En conséquence, le jugement querellé est infirmé dans sa totalité.
Le présent arrêt constitue le titre ouvrant droit à la restitution des sommes versées en exécution du jugement ; il n’y a donc pas lieu de statuer sur la demande des consorts [W] en restitution des sommes versées en trop en exécution du jugement.
Sur les dépens et l’article 700 du code de procédure civile
Si M. [H] succombe sur sa revendication de la bande de terrain litigieuse, c’est à tort que les consorts [W] l’ont privé brutalement de son droit de passage de sorte qu’aucune des parties n’a totalement raison dans son argumentation.
En conséquence, chacune des parties supportera ses propres dépens et première instance et d’appel et il n’y pas lieu en conséquence à application des dispositions de l’article 700 du code de procédure civile.
PAR CES MOTIFS
LA COUR,
Reçoit l’intervention volontaire de Mme [Y] [W] à la présente instance.
Infirme le jugement déféré,
Statuant à nouveau et y ajoutant,
Dit que la langue de terrain correspondant à la « servitude piétons » figurant sur le document d’arpentage établi par M. [A] en 1994 et correspondant à la parcelle n° B [Cadastre 9] d’une contenance cadastrale de 47 centiares en nature de sol lieudit [Adresse 17] à [Localité 1] appartient aux consorts [W].
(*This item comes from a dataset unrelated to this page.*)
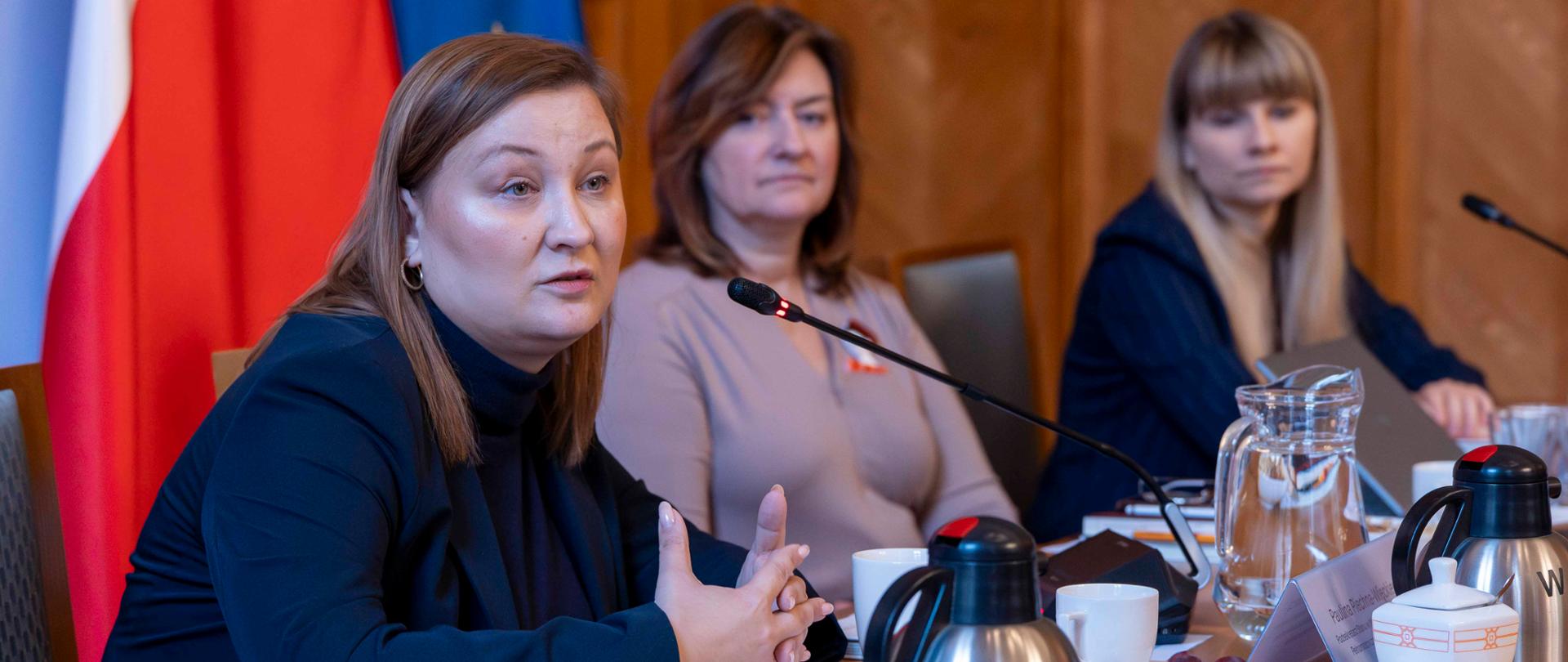 Zdjęcie przedstawia Paulinę Piechnę-Więckiewicz, podsekretarz stanu w MEN, przemawiającą przez mikrofon. Przed nią stoją filiżanki, owoce, pączki i termosy. Obok niej siedzą dwie postacie, w tym Rzeczniczka Praw Dziecka.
Dit que M. [F] [H] bénéficie de la servitude de passage sur cette parcelle.
Autorise les propriétaires du fonds servant (parcelle cadastrée B[Cadastre 9]) à se clore, obligation leur étant faite dans ce cas de confier une clé des portails et portillons au propriétaire du fonds dominant (parcelle [Cadastre 8]),
Dit que la servitude de passage devra être maintenue libre de tout encombrement,
Dit n’y avoir lieu à publicité foncière,
Condamne solidairement M. [D] [W] et Mme [G] [R] épouse [W] à payer à M. [I] [H] la somme de 1.000 euros à titre de dommages et intérêts,
Dit que chacune des parties conservera la charge de ses dépens de première instance et d’appel,
Dit n’y avoir lieu à application des dispositions de l’article 700 du code de procédure civile en première instance ni en cause d’appel.